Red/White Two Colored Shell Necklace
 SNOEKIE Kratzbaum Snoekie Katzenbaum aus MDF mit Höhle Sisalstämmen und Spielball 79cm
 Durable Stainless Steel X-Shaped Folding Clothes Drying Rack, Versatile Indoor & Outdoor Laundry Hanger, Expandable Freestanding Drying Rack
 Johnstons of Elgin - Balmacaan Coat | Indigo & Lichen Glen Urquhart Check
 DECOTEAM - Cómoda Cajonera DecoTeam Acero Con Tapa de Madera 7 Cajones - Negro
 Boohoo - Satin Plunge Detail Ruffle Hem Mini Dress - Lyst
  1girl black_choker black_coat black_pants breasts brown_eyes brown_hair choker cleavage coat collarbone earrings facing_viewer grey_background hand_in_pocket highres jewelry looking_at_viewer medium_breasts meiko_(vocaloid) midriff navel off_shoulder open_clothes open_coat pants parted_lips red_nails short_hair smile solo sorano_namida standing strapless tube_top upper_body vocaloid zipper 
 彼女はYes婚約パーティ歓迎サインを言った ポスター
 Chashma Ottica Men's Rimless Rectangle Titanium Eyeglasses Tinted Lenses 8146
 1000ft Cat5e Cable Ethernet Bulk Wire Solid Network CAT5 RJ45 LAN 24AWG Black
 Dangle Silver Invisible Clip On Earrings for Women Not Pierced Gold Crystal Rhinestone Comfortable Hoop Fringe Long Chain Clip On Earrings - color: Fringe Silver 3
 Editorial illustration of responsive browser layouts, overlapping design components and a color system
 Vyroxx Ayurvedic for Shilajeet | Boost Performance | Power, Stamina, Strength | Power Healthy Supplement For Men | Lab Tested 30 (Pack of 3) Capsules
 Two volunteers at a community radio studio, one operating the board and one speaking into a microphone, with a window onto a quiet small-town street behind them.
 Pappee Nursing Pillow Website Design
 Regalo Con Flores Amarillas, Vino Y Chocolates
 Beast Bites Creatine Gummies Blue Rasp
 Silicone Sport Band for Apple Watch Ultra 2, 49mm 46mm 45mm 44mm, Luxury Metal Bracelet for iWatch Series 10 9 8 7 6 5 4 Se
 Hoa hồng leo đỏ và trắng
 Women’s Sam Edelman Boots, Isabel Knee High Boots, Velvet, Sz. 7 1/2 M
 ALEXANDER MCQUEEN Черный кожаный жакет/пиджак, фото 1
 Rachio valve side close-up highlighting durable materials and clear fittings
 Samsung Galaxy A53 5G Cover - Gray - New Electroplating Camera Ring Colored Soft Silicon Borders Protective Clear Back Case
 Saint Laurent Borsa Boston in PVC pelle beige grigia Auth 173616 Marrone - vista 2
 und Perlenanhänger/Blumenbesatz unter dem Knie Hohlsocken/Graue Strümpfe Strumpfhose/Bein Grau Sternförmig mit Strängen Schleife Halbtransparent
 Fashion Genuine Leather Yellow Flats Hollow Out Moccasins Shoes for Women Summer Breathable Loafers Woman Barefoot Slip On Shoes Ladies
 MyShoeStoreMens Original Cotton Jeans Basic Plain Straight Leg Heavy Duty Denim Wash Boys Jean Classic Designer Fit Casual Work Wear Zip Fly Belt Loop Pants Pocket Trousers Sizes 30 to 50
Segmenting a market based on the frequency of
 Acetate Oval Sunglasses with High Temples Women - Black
::::::
*HOW TO COMPLETE THIS TASK*:
Please transcribe the whole listing exactly as it stands.

*ANSWER AREA*:
Red/White Two Colored Shell Necklace
 SNOEKIE Kratzbaum Snoekie Katzenbaum aus MDF mit Höhle Sisalstämmen und Spielball 79cm
 Durable Stainless Steel X-Shaped Folding Clothes Drying Rack, Versatile Indoor & Outdoor Laundry Hanger, Expandable Freestanding Drying Rack
 Johnstons of Elgin - Balmacaan Coat | Indigo & Lichen Glen Urquhart Check
 DECOTEAM - Cómoda Cajonera DecoTeam Acero Con Tapa de Madera 7 Cajones - Negro
 Boohoo - Satin Plunge Detail Ruffle Hem Mini Dress - Lyst
  1girl black_choker black_coat black_pants breasts brown_eyes brown_hair choker cleavage coat collarbone earrings facing_viewer grey_background hand_in_pocket highres jewelry looking_at_viewer medium_breasts meiko_(vocaloid) midriff navel off_shoulder open_clothes open_coat pants parted_lips red_nails short_hair smile solo sorano_namida standing strapless tube_top upper_body vocaloid zipper 
 彼女はYes婚約パーティ歓迎サインを言った ポスター
 Chashma Ottica Men's Rimless Rectangle Titanium Eyeglasses Tinted Lenses 8146
 1000ft Cat5e Cable Ethernet Bulk Wire Solid Network CAT5 RJ45 LAN 24AWG Black
 Dangle Silver Invisible Clip On Earrings for Women Not Pierced Gold Crystal Rhinestone Comfortable Hoop Fringe Long Chain Clip On Earrings - color: Fringe Silver 3
 Editorial illustration of responsive browser layouts, overlapping design components and a color system
 Vyroxx Ayurvedic for Shilajeet | Boost Performance | Power, Stamina, Strength | Power Healthy Supplement For Men | Lab Tested 30 (Pack of 3) Capsules
 Two volunteers at a community radio studio, one operating the board and one speaking into a microphone, with a window onto a quiet small-town street behind them.
 Pappee Nursing Pillow Website Design
 Regalo Con Flores Amarillas, Vino Y Chocolates
 Beast Bites Creatine Gummies Blue Rasp
 Silicone Sport Band for Apple Watch Ultra 2, 49mm 46mm 45mm 44mm, Luxury Metal Bracelet for iWatch Series 10 9 8 7 6 5 4 Se
 Hoa hồng leo đỏ và trắng
 Women’s Sam Edelman Boots, Isabel Knee High Boots, Velvet, Sz. 7 1/2 M
 ALEXANDER MCQUEEN Черный кожаный жакет/пиджак, фото 1
 Rachio valve side close-up highlighting durable materials and clear fittings
 Samsung Galaxy A53 5G Cover - Gray - New Electroplating Camera Ring Colored Soft Silicon Borders Protective Clear Back Case
 Saint Laurent Borsa Boston in PVC pelle beige grigia Auth 173616 Marrone - vista 2
 und Perlenanhänger/Blumenbesatz unter dem Knie Hohlsocken/Graue Strümpfe Strumpfhose/Bein Grau Sternförmig mit Strängen Schleife Halbtransparent
 Fashion Genuine Leather Yellow Flats Hollow Out Moccasins Shoes for Women Summer Breathable Loafers Woman Barefoot Slip On Shoes Ladies
 MyShoeStoreMens Original Cotton Jeans Basic Plain Straight Leg Heavy Duty Denim Wash Boys Jean Classic Designer Fit Casual Work Wear Zip Fly Belt Loop Pants Pocket Trousers Sizes 30 to 50
Segmenting a market based on the frequency of
 Acetate Oval Sunglasses with High Temples Women - Black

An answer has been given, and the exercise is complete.